**Recorded data**
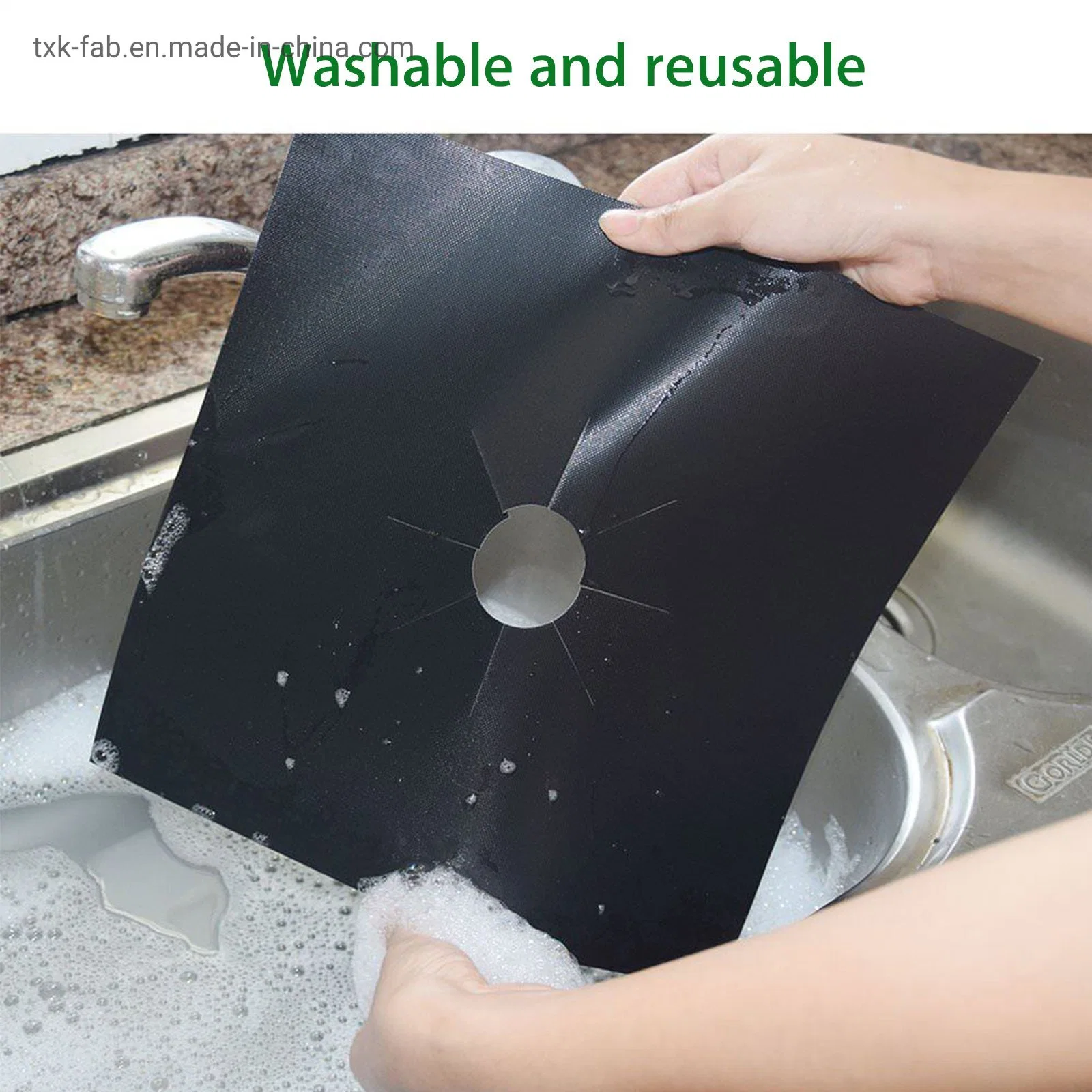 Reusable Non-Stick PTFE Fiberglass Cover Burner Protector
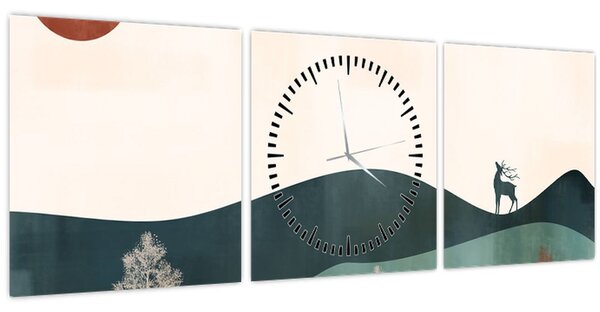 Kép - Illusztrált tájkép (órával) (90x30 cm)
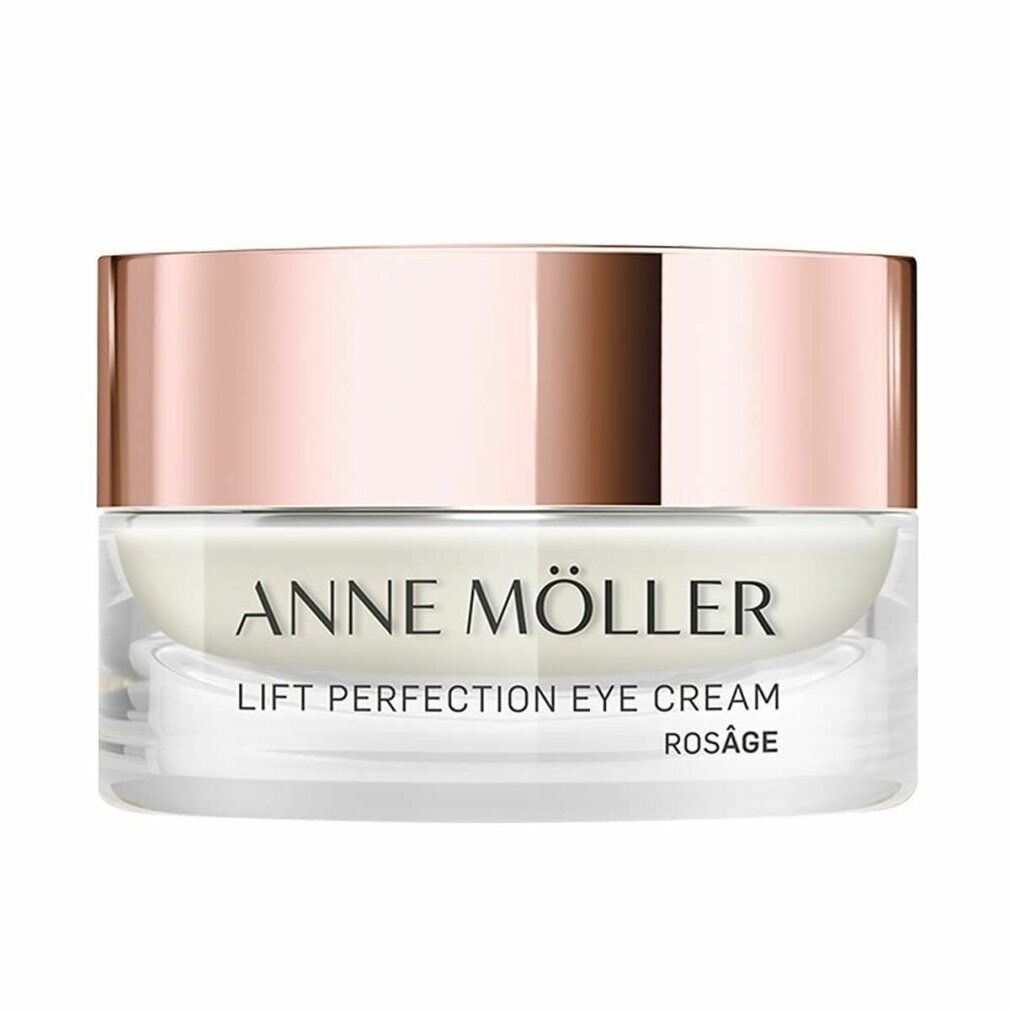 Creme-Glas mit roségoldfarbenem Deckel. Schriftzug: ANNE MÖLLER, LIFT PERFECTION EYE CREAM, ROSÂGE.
...
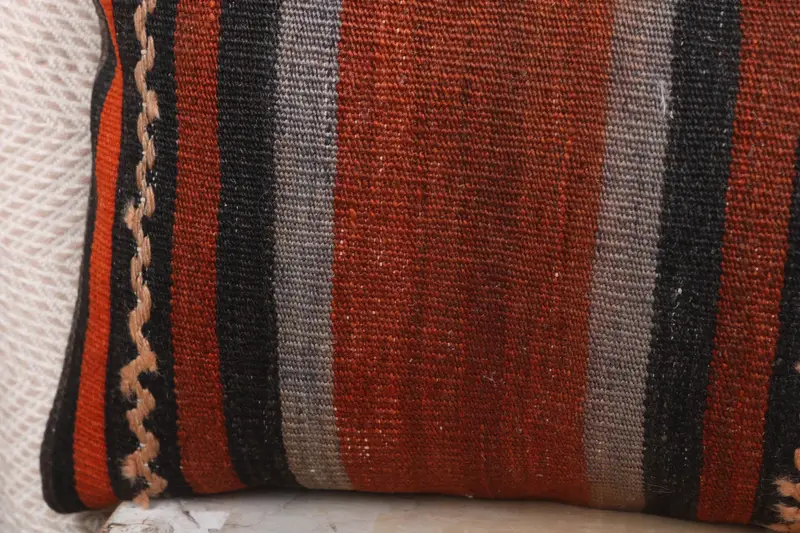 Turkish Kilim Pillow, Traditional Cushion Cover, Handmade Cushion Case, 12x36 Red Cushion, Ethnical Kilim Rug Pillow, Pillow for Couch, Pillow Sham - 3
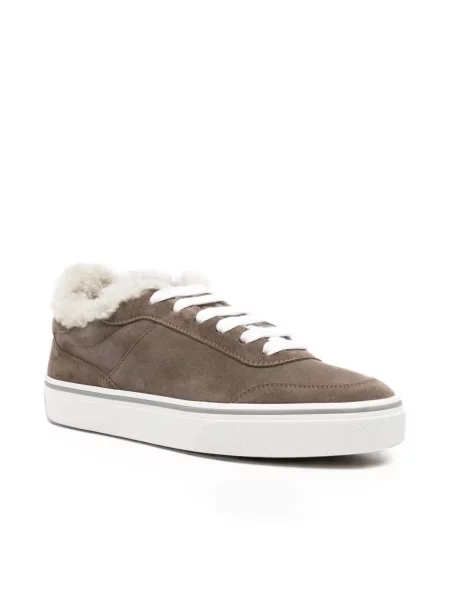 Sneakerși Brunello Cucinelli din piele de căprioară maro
---
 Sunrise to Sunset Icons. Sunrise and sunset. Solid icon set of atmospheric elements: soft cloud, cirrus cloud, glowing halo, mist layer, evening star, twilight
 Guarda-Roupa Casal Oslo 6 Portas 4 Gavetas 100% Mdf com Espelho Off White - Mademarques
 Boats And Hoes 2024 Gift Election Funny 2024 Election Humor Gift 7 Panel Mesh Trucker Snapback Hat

**What is expected**
Only one stretch of the records above is wanted: the lines between the one holding "Sunrise to Sunset" and the one holding "Boats And Hoes", inclusive, reproduced exactly.

**Written answer**
 Sunrise to Sunset Icons. Sunrise and sunset. Solid icon set of atmospheric elements: soft cloud, cirrus cloud, glowing halo, mist layer, evening star, twilight
 Guarda-Roupa Casal Oslo 6 Portas 4 Gavetas 100% Mdf com Espelho Off White - Mademarques
 Boats And Hoes 2024 Gift Election Funny 2024 Election Humor Gift 7 Panel Mesh Trucker Snapback Hat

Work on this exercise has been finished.